Andrea Renda, Director of Research at the Centre for European Policy Studies, has made a more severe criticism of the "Draghi Report," saying that the report still adheres to the "traditional economic view that GDP growth is the cornerstone of socio-economic performance."
Renda believes that what the report talks about is still the challenges faced by the EU over the past 20 years, rather than dealing with potential future crises.
He criticized that the report failed to formulate contingency plans for future development if it is not satisfactory.
Former French ambassador to the United States, Israel, and the United Nations, GĂ©rard Araud, affirmed the diagnosis of the EU's various problems in the "Draghi Report," and believed that the prescriptions in the report also have a "shock" effect.
However, Araud pointed out that the challenges faced by the EU are far more than those revealed by Draghi.
Araud listed these challenges, such as the Russia-Ukraine conflict on the European continent; various geopolitical risks in the Near East and Middle East near Europe; the refugee crisis; the pattern of Germany relying on cheap energy from Russia, foreign exports, and American protection has been broken; France is falling into a political crisis, and its influence within the EU will also be greatly reduced; populist movements are rising all over Europe; moderate parties in EU countries are easily succumbing to the will of the aging population demanding protection rather than innovation, making the EU look more like a nursing home than an innovative enterprise.
Speaking of the last challenge, Araud pointed out that more and more EU researchers and engineers are going to the United States, where they can find the necessary funding and an environment conducive to entrepreneurship.
As someone said, "America innovates, Europe regulates."
As a former French ambassador to the United States, Araud said with frustration that he often encounters some young French people going to the United States to realize an idea or a patent, or to conduct research, because these young French people know that everything will become easier on the other side of the Atlantic.
"You can't help but ask: while creating the future elsewhere, is the European continent becoming just an enviable tourist destination because of its scenery, monuments, and quality of life?"

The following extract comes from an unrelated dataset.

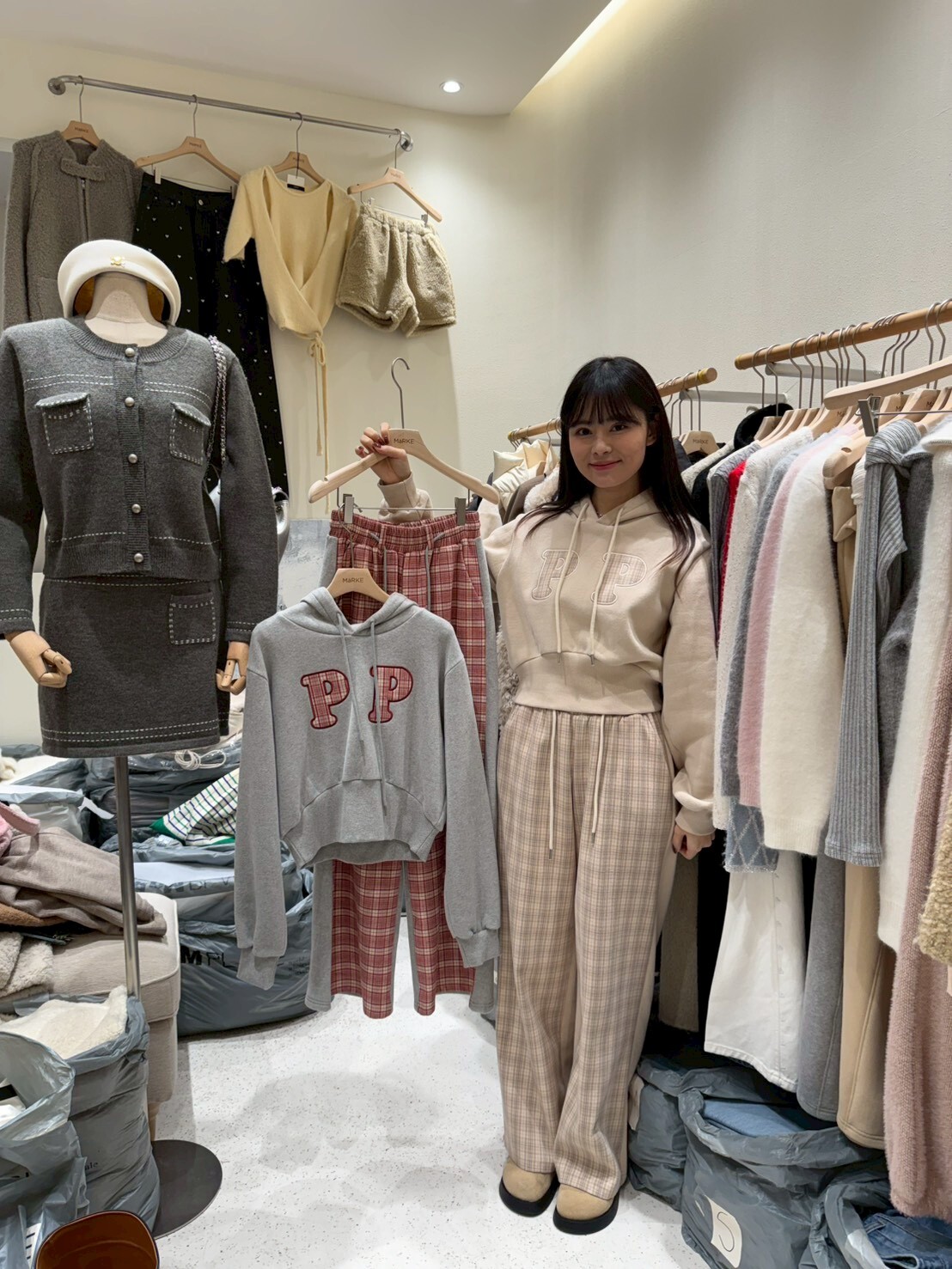 ME5246 PP格仔圖案連帽抓毛上衣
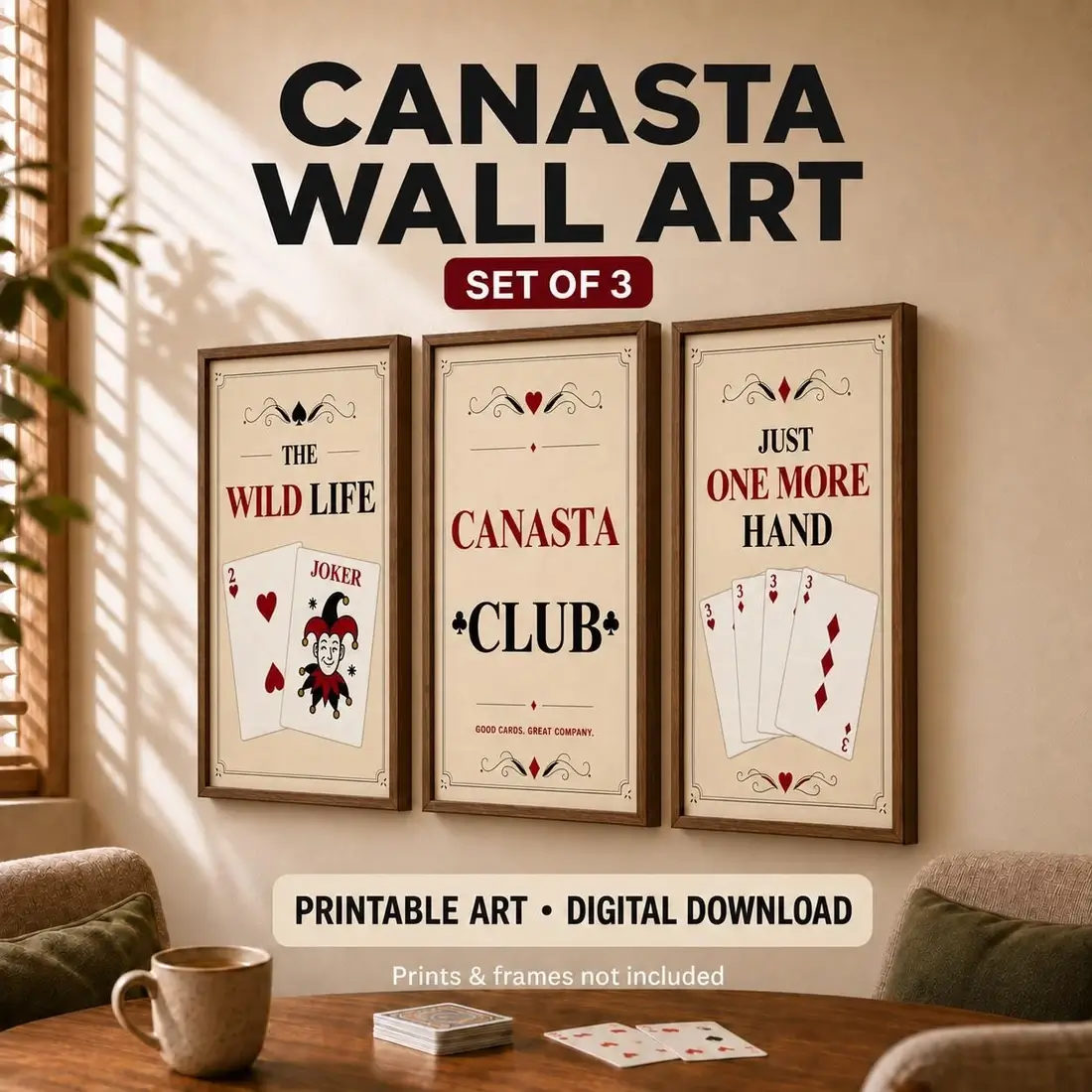 Three coordinating vintage Canasta wall art prints displayed in wooden frames above a game table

Araud wrote in his article submitted to the French "Le Point": The EU Commission has just published the "Draghi Report," which proposes bold action plans to help the European continent out of the trough, but most countries remain silent, and Berlin has explicitly refused.
At the end of his article, he questioned: Does this mean we should be desperate?
Do Europeans intend to continue watching the awakening history?
Perhaps the onlookers see more clearly.
In the United Kingdom, which has already withdrawn from the EU, columnist Janan Ganesh's evaluation of the "Draghi Report" is neither "praise" nor "criticism."
He wrote in the British "Financial Times" that the EU does not need to be anxious about the gap with the United States because "after all, the European continent is a different place."
The EU is a loose union composed of a group of ethnic nations with different languages and cultures.
It has avoided mutual slaughter in the two world wars in the first half of the 20th century and has reached a level of mutual tolerance and mutual support today, which is quite good.
At the end of the article, Ganesh, who was born in Nigeria and later immigrated to the United Kingdom, wrote: "I would rather live in Europe, and I do live in Europe.
The frequency with which American elites come to the European continent for vacation far exceeds the frequency with which European elites go to the United States for vacation, which is very revealing.
In fact, Europe's reluctance to reform is closely related to the fact that there are enough people living a sweet life here."
It is not clear whether his words are praise or criticism, but if you think about it carefully, Ganesh's "Americans come to Europe for vacation" and Araud's "Europeans go to the United States to start a business" seem to be two sides of the same coin.